> ACTIVITY
An exact copy of the entries is needed, with every line included.

> SUPPLIED INFORMATION

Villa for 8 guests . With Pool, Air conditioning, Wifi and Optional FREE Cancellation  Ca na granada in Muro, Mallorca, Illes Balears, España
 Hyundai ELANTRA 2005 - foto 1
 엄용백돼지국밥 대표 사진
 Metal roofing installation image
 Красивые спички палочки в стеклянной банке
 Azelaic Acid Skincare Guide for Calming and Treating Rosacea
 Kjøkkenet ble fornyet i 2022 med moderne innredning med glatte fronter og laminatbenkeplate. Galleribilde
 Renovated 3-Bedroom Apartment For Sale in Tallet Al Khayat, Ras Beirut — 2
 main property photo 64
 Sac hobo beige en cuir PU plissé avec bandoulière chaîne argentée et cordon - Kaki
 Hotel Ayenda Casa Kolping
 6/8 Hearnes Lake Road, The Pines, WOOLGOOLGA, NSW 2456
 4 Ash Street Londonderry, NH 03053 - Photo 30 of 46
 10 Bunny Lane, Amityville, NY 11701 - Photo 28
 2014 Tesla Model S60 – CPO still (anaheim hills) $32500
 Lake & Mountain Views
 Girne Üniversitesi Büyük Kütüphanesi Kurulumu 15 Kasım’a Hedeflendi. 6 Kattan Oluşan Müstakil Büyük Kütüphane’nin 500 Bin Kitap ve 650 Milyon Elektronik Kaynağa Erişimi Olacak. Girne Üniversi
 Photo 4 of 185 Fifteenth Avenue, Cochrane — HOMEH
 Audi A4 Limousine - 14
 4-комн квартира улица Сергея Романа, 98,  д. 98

> EXERCISE RESPONSE
Villa for 8 guests . With Pool, Air conditioning, Wifi and Optional FREE Cancellation  Ca na granada in Muro, Mallorca, Illes Balears, España
 Hyundai ELANTRA 2005 - foto 1
 엄용백돼지국밥 대표 사진
 Metal roofing installation image
 Красивые спички палочки в стеклянной банке
 Azelaic Acid Skincare Guide for Calming and Treating Rosacea
 Kjøkkenet ble fornyet i 2022 med moderne innredning med glatte fronter og laminatbenkeplate. Galleribilde
 Renovated 3-Bedroom Apartment For Sale in Tallet Al Khayat, Ras Beirut — 2
 main property photo 64
 Sac hobo beige en cuir PU plissé avec bandoulière chaîne argentée et cordon - Kaki
 Hotel Ayenda Casa Kolping
 6/8 Hearnes Lake Road, The Pines, WOOLGOOLGA, NSW 2456
 4 Ash Street Londonderry, NH 03053 - Photo 30 of 46
 10 Bunny Lane, Amityville, NY 11701 - Photo 28
 2014 Tesla Model S60 – CPO still (anaheim hills) $32500
 Lake & Mountain Views
 Girne Üniversitesi Büyük Kütüphanesi Kurulumu 15 Kasım’a Hedeflendi. 6 Kattan Oluşan Müstakil Büyük Kütüphane’nin 500 Bin Kitap ve 650 Milyon Elektronik Kaynağa Erişimi Olacak. Girne Üniversi
 Photo 4 of 185 Fifteenth Avenue, Cochrane — HOMEH
 Audi A4 Limousine - 14
 4-комн квартира улица Сергея Романа, 98,  д. 98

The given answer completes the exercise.